“Watch me close, watch me now!” As I watched Avant Bard’s production of Topdog/Underdog, I knew that it is a production for the ages.
Under the visceral, athletic direction of DeMone Seraphin, Suzan-Lori Parks’ award-winning Topdog/Underdog is performed as if two tightly bound, highly competitive African-American brothers are playing a very raw backyard, small court, back-and-forth, 1-on-1 basketball game. It is full of trash talk, sharp elbows, and no ref to call fouls. It is a winner-take-all.
“We could be a team, man. Rake in the money,” says one brother. If only such words could so easily become true. In the way of the brothers becoming a team are matters of enormous importance to each of them–personal and family pride, how life has dealt each of them shit–with life itself at stake.

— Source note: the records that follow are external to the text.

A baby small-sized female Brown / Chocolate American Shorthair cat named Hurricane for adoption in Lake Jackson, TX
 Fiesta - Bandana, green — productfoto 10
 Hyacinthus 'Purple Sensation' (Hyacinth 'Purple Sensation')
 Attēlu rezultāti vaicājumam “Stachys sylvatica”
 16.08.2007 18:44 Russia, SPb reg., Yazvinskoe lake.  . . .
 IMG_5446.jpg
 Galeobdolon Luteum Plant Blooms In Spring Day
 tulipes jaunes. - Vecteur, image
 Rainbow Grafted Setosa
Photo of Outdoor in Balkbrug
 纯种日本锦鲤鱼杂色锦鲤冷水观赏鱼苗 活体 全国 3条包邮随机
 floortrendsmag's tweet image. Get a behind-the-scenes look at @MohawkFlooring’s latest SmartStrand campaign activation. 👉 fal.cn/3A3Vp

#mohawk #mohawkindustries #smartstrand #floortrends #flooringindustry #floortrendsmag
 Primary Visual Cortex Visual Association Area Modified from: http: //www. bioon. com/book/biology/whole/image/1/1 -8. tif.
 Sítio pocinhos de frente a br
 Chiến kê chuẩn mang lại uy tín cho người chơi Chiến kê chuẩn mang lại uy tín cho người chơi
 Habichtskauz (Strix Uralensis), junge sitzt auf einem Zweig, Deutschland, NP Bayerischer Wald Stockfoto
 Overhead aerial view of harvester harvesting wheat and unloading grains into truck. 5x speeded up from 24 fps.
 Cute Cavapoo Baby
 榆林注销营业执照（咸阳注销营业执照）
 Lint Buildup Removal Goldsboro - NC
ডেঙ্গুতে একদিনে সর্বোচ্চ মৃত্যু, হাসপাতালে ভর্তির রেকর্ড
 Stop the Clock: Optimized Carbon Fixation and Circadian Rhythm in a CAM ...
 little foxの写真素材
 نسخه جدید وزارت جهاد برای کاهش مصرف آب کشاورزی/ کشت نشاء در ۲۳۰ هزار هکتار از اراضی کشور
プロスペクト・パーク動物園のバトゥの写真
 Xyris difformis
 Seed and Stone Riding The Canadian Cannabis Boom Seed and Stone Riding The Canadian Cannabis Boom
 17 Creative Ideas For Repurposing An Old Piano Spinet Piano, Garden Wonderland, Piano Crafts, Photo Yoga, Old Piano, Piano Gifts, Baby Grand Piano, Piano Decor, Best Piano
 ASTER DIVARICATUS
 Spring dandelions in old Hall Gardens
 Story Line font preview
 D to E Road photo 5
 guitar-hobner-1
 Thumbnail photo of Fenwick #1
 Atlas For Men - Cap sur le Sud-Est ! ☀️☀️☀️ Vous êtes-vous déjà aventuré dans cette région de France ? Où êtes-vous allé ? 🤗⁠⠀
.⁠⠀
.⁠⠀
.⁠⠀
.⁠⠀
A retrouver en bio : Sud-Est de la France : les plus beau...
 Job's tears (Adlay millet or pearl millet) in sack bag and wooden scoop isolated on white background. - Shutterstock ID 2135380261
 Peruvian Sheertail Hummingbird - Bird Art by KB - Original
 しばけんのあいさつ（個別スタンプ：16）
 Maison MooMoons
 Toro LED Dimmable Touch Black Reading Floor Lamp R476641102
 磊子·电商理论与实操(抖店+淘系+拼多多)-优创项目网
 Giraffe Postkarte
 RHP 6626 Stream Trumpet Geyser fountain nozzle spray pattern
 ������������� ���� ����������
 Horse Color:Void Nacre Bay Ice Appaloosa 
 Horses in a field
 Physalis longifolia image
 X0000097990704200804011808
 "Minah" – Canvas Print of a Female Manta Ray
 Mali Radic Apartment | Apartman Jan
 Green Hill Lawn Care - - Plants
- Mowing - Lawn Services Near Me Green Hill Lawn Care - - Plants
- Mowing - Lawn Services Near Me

Parks received the Pulitzer Prize for Drama in 2002 for her Topdog/Underdog. The Pulitzer Prize was for a distinguished play by an American author, preferably original in its source and dealing with American life. The Pulitzer citation read: “A darkly comic fable of brotherly love and family identity, Topdog/Underdog tells the story of Lincoln and Booth, two brothers whose names, given to them as a joke, foretell a lifetime of sibling rivalry and resentment. Haunted by their past, the brothers are forced to confront the shattering reality of their future.”
Let’s add a bit of a synopsis to the Pulitzer description. Both brothers–the older Lincoln and the younger Booth–are dreamers and schemers dealing with being abandoned by their parents. “I think there was something out there that they liked more than they liked us and for years they was struggling against moving towards that more liked something,” says Lincoln (a brilliant, concisely tongued Jeremy Keith Hunter, with the voice of a con man and the moves of a smooth dancer) in one of his brooding moments.
Lincoln has an honest job “with benefits” portraying President Lincoln in a local arcade. Working in white face and a top hat, he is “shot” with blanks every day by tourists who pay for the privilege–as long as he is not replaced by someone or something cheaper.
His unemployed brother Booth (Louis E. Davis in a brilliant, brash portrayal of a man not always stepping carefully on a hot tin roof) lives by “boosting” (shoplifting) what he needs along with his share of what brother Lincoln earns. “Here I am trying to earn a living and you standing in my way. YOU STANDING IN MY WAY, LINK!” says Booth.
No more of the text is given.